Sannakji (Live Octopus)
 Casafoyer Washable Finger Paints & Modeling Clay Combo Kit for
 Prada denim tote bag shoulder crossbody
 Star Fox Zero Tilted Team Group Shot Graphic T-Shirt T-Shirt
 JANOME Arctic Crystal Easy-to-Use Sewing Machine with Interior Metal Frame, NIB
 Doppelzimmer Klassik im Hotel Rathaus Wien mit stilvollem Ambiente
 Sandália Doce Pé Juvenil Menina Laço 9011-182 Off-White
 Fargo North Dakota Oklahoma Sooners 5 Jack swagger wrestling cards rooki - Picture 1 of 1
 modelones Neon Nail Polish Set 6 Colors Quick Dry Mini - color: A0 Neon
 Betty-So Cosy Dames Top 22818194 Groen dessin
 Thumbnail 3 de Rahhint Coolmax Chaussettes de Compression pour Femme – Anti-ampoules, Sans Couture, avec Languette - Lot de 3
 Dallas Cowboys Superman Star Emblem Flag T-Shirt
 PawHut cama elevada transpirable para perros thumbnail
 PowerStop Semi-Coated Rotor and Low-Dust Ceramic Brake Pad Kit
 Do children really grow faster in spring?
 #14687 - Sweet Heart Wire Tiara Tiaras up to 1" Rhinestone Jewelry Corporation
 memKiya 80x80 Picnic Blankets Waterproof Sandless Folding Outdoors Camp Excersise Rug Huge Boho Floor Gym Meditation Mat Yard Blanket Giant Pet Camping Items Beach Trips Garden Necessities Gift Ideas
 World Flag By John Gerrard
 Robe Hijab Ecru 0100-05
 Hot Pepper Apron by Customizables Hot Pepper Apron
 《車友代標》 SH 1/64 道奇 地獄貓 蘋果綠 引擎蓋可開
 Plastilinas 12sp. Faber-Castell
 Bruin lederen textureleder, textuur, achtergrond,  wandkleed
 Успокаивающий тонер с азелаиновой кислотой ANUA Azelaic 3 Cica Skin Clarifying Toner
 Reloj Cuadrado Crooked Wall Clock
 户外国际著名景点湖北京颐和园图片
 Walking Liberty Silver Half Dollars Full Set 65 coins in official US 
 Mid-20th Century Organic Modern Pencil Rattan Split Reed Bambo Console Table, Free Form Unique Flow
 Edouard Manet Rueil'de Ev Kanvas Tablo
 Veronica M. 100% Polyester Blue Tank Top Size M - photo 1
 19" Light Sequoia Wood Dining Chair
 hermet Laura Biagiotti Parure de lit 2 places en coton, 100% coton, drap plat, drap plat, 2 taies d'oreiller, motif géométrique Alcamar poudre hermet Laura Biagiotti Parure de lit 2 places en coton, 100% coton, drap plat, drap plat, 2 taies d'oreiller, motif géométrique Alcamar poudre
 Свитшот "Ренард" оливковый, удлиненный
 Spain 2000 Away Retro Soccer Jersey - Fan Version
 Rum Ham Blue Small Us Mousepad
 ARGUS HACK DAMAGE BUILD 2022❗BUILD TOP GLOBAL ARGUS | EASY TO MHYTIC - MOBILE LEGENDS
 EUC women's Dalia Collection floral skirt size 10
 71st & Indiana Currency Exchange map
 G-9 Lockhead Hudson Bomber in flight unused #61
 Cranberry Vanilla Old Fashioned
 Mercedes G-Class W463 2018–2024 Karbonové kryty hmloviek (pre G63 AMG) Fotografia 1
========================================
Report how many lines in the listing above contain the string "Blue", giving the number alone.

_Response_
2